---
tags: OpenQA
---
# Open Domain Question Answering
NeurIPS 2020 Challenge: https://efficientqa.github.io/
Dataset: https://ai.google.com/research/NaturalQuestions/visualization
# 1. Reading Wikipedia to Answer Open Domain Questions
- published in ACL 2017
https://arxiv.org/pdf/1704.00051.pdf
## 1. Introduction
Two Components
1. **Document retrieval** - finding relevant articles
2. **Document reader** - identifying answer spans from those articles

* Experiments on multitask learning with distant supervision
* More than 5 million articles present in Wikipedia - Machine Reading at Scale
* Treat wikipedia as a collection of articles and do not rely on its graph structure.
<b>Key Results</b>
1. Document Retriever outperforms the built-in Wikipedia search engine.
2. Performance across all datasets improves by multitask learning and distant supervision.
## 2. Related Work
### Emergence of OpenDomain QA
* Open-Domain QA was started in the annual TREC (Text Retrieval Conf.) competitions.
* With the development of Knowledge Bases there was some work on answering questions using these resources.
* Due to limitations in KBs like incompleteness, fixed schemas once again the direction had gone to text based answering.
* Another motivation for this field was due to the progress made in reading comprehensions due to Deep learning architectures
* Creation of new QA datasets based on news articles, children books, Wikipedia.
### Previous Work
* There were a couple of papers which use Wikipedia in their QA systems but they only used it for validation afer retrieving answers from other document sources.

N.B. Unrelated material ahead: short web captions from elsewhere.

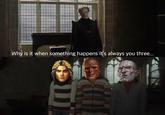 Why is it when something happens it's always you three...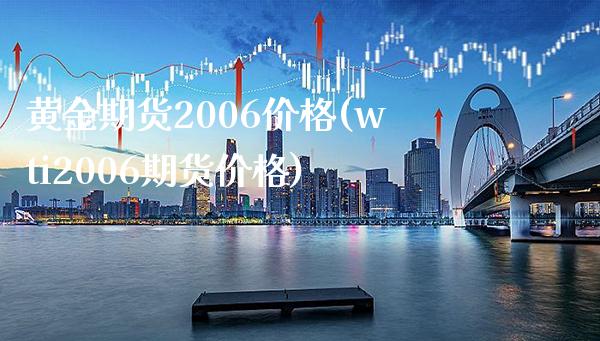 黄金期货2006价格(wti2006期货价格) (https://www.njaxzs.com/) 内盘期货 第1张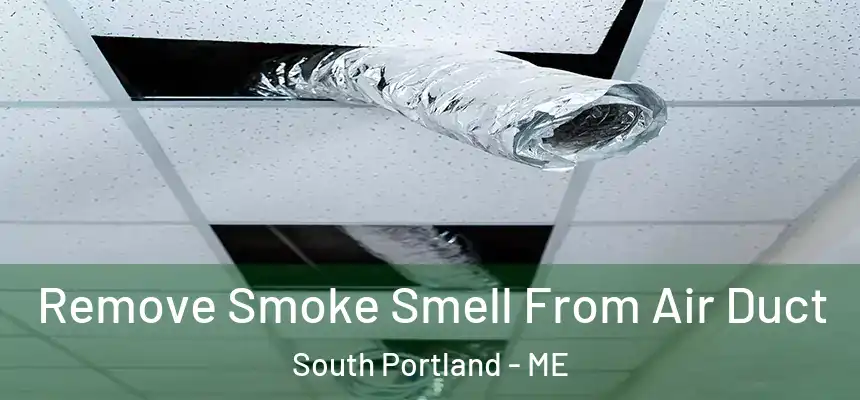 Remove Smoke Smell From Air Duct South Portland - ME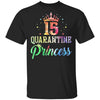15 Quarantine Princess Happy Birthday T-Shirt & Tank Top | Teecentury.com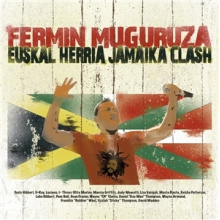 Muguruza, Fermin - Euskal Herria Jamika Clash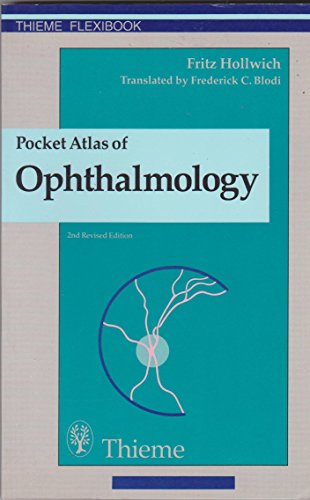 Imagen de archivo de Pocket Atlas of Ophthalmology (English and German Edition) a la venta por HPB-Emerald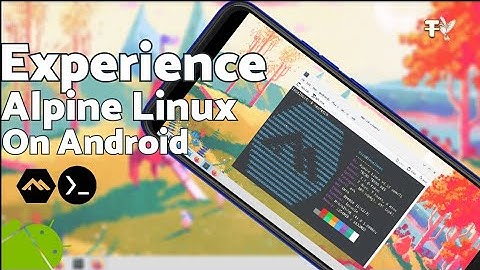 How To Install Alpine Linux Desktop On Android No Root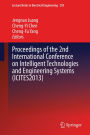Proceedings of the 2nd International Conference on Intelligent Technologies and Engineering Systems (ICITES2013)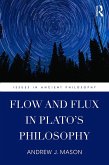 Flow and Flux in Plato's Philosophy (eBook, ePUB)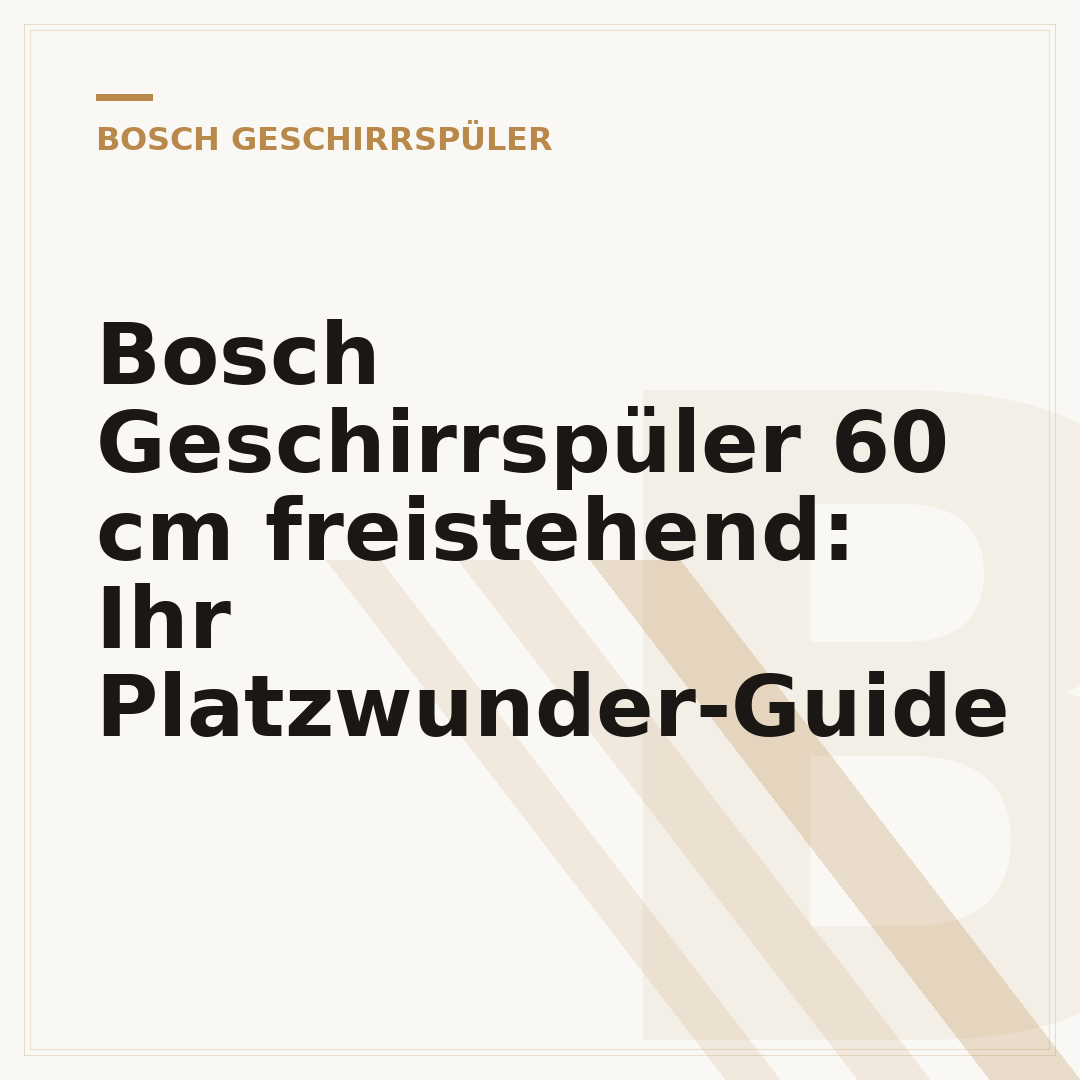 Bosch Geschirrspüler 60 cm freistehend: Ihr Platzwunder-Guide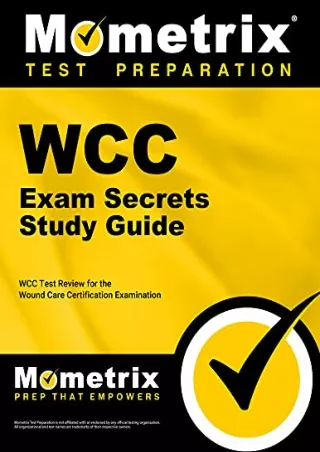 [READ DOWNLOAD] WCC Exam Secrets Study Guide: WCC Test Review for the Wound Care Certification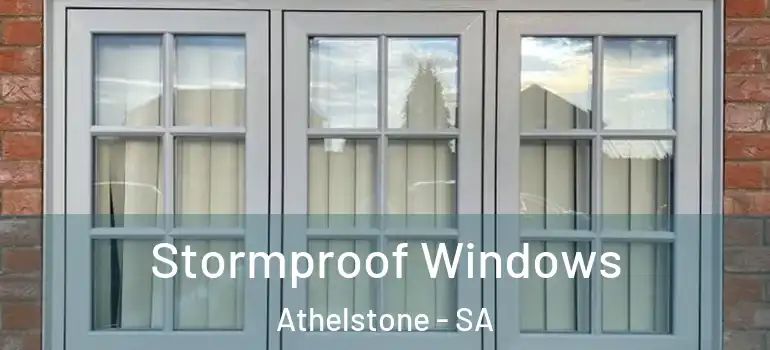 Stormproof Windows Athelstone - SA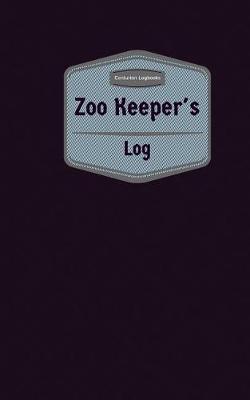 Cover of Zoo Keeper's Log (Logbook, Journal - 96 pages, 5 x 8 inches)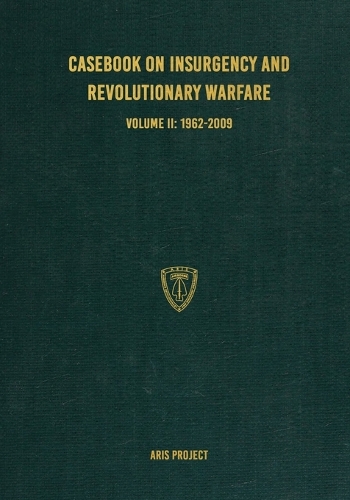 Casebook on Insurgency and Revolutionary Warfare Volume II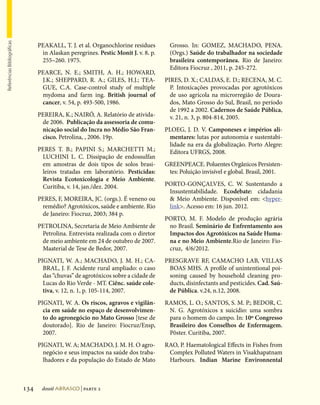 Referências Bibliográficas




                                   PEAKALL, T. J. et al. Organochlorine residues        Grosso. In: GOMEZ, MACHADO, PENA.
                                    in Alaskan peregrines. Pestic Monit J. v. 8. p.     (Orgs.) Saúde do trabalhador na sociedade
                                    255–260. 1975.                                      brasileira contemporânea. Rio de Janeiro:
                                                                                        Editora Fiocruz , 2011, p. 245-272.
                                   PEARCE, N. E.; SMITH, A. H.; HOWARD,
                                    J.K.; SHEPPARD, R. A.; GILES, H.J.; TEA-          PIRES, D. X.; CALDAS, E. D.; RECENA, M. C.
                                    GUE, C.A. Case-control study of multiple            P. Intoxicações provocadas por agrotóxicos
                                    mydoma and farm ing. British journal of             de uso agrícola na microrregião de Doura-
                                    cancer, v. 54, p. 493-500, 1986.                    dos, Mato Grosso do Sul, Brasil, no período
                                                                                        de 1992 a 2002. Cadernos de Saúde Pública,
                                   PEREIRA, K.; NAIRÓ, A. Relatório de ativida-         v. 21, n. 3, p. 804-814, 2005.
                                    de 2006. Publicação da assessoria de comu-
                                    nicação social do Incra no Médio São Fran-        PLOEG, J. D. V. Camponeses e impérios ali-
                                    cisco. Petrolina, , 2006. 19p.                     mentares: lutas por autonomia e sustentabi-
                                                                                       lidade na era da globalização. Porto Alegre:
                                   PERES T. B.; PAPINI S.; MARCHETTI M.;               Editora UFRGS, 2008.
                                    LUCHINI L. C. Dissipação de endossulfan
                                    em amostras de dois tipos de solos brasi-         GREENPEACE. Poluentes Orgânicos Persisten-
                                    leiros tratadas em laboratório. Pesticidas:        tes: Poluição invisível e global. Brasil, 2001.
                                    Revista Ecotoxicologia e Meio Ambiente.
                                    Curitiba, v. 14, jan./dez. 2004.                  PORTO-GONÇALVES, C. W. Sustentando a
                                                                                       Insustentabilidade. Ecodebate: cidadania
                                   PERES, F, MOREIRA, JC. (orgs.). É veneno ou          Meio Ambiente. Disponível em: hyper-
                                    remédio? Agrotóxicos, saúde e ambiente. Rio        link. Acesso em: 16 jun. 2012.
                                    de Janeiro: Fiocruz, 2003; 384 p.
                                                                                      PORTO, M. F. Modelo de produção agrária
                                   PETROLINA, Secretaria de Meio Ambiente de           no Brasil. Seminário de Enfrentamento aos
                                    Petrolina. Entrevista realizada com o diretor      Impactos dos Agrotóxicos na Saúde Huma-
                                    de meio ambiente em 24 de outubro de 2007.         na e no Meio Ambiente.Rio de Janeiro: Fio-
                                    Maaterial de Tese de Bedor, 2007.                  cruz, 4/6/2012.
                                   PIGNATI, W. A.; MACHADO, J. M. H.; CA-             PRESGRAVE RF, CAMACHO LAB, VILLAS
                                     BRAL, J. F. Acidente rural ampliado: o caso       BOAS MHS. A profile of unintentional poi-
                                     das “chuvas” de agrotóxicos sobre a cidade de     soning caused by household cleaning pro-
                                     Lucas do Rio Verde - MT. Ciênc. saúde cole-       ducts, disinfectants and pesticides. Cad. Saú-
                                     tiva, v. 12, n. 1, p. 105-114, 2007.              de Pública. v.24, n.12, 2008.
                                   PIGNATI, W. A. Os riscos, agravos e vigilân-       RAMOS, L. O.; SANTOS, S. M. P.; BEDOR, C.
                                     cia em saúde no espaço de desenvolvimen-          N. G. Agrotóxicos x suicídio: uma sombra
                                     to do agronegócio no Mato Grosso [tese de         para o homem do campo. In: 10º Congresso
                                     doutorado]. Rio de Janeiro: Fiocruz/Ensp,         Brasileiro dos Conselhos de Enfermagem.
                                     2007.                                             Pôster. Curitiba, 2007.
                                   PIGNATI, W. A; MACHADO, J. M. H. O agro-           RAO, P. Haematological Effects in Fishes from
                                     negócio e seus impactos na saúde dos traba-       Complex Polluted Waters in Visakhapatnam
                                     lhadores e da população do Estado de Mato         Harbours. Indian Marine Environnental



                             134    dossiê abrasco | parte 2
 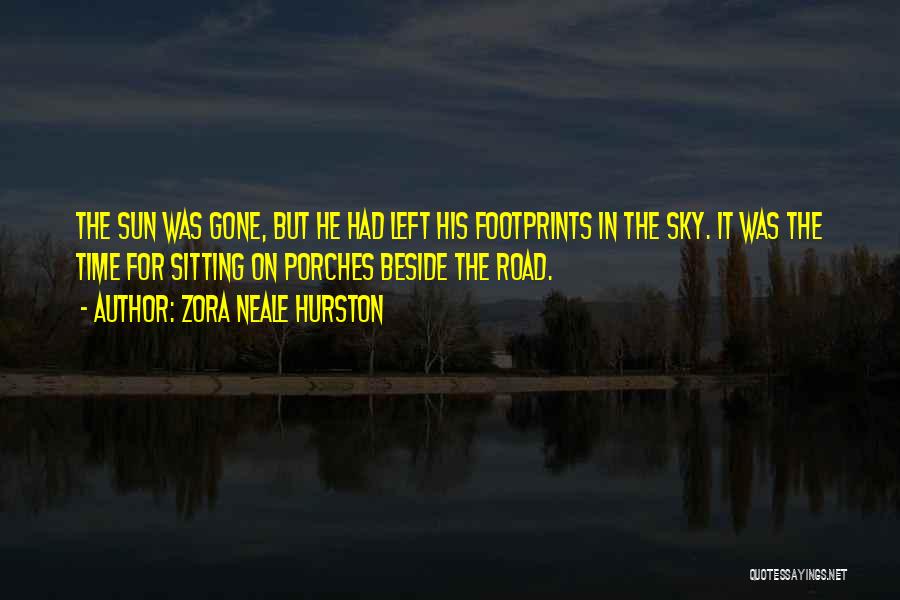 Footprints Quotes By Zora Neale Hurston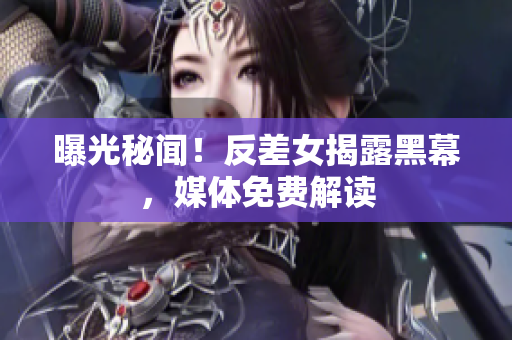 曝光秘闻！反差女揭露黑幕，媒体免费解读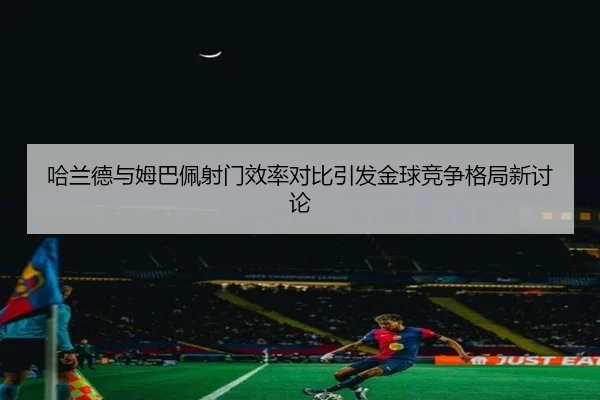 哈兰德与姆巴佩射门效率对比引发金球竞争格局新讨论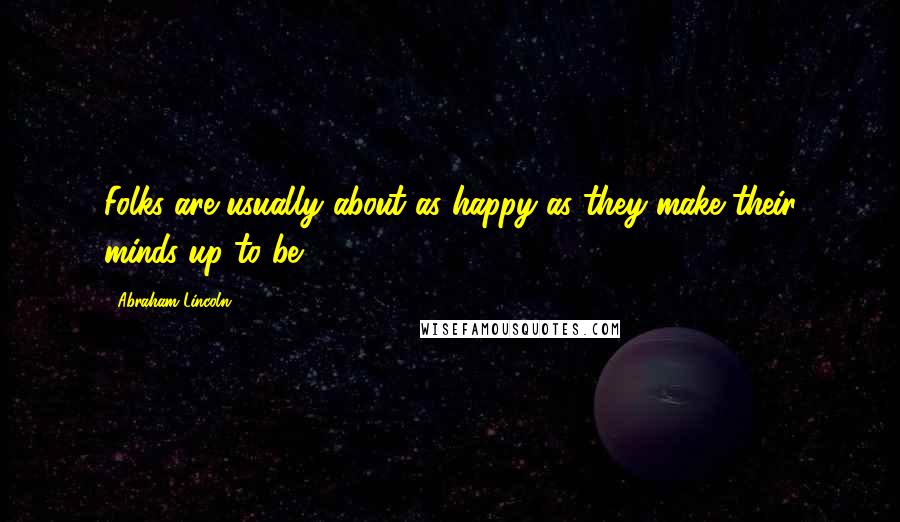 Abraham Lincoln Quotes: Folks are usually about as happy as they make their minds up to be.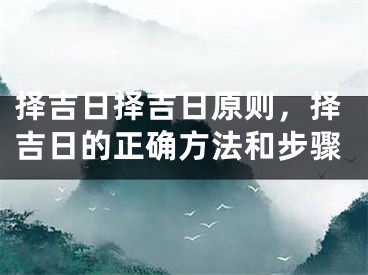 择吉日择吉日原则,择吉日的正确方法和步骤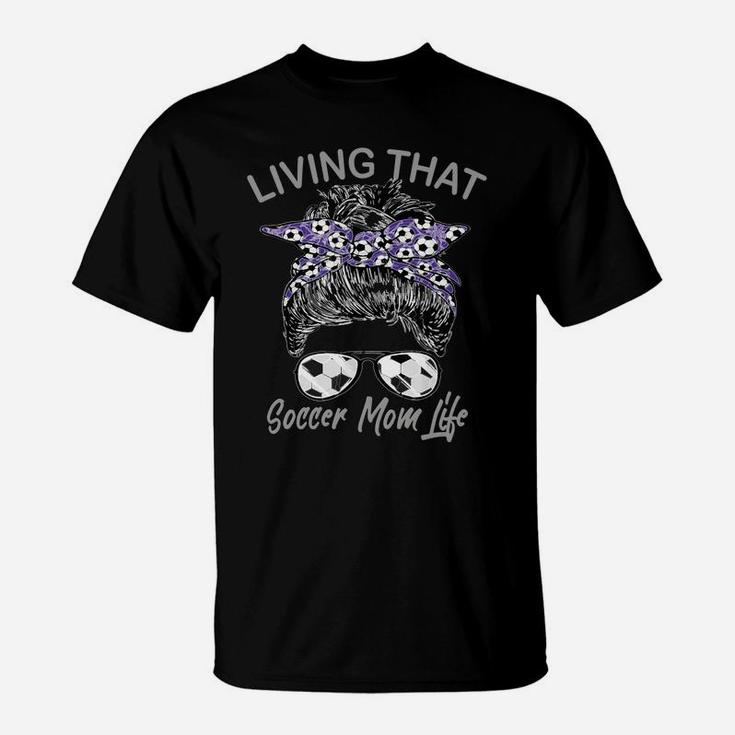 Living That Soccer Mom Life Football Lover Mama Mother's Day Sweatshirt T-Shirt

* **Systems using multiple knowledge sources**
* DeepQA relies on unstructured information such as text documents as well as structured data such as KBs, databases and ontologies.
* YodaQA is another system similarly combining websites, information extraction and wikipedia
* Our task is made more challenging by using only a single resource and the abovementioned systems can be treated as **upperbound in performance**.
* **Multitask learning**
* Fader et. al 2014 used WebQuestions, TREC, WikiAnswers with four KBs as knowledge sources.
* Bordes et. al 2015 combined WebQuestions and SimpleQuestions using distant supervision with FreeBase as knowledge source.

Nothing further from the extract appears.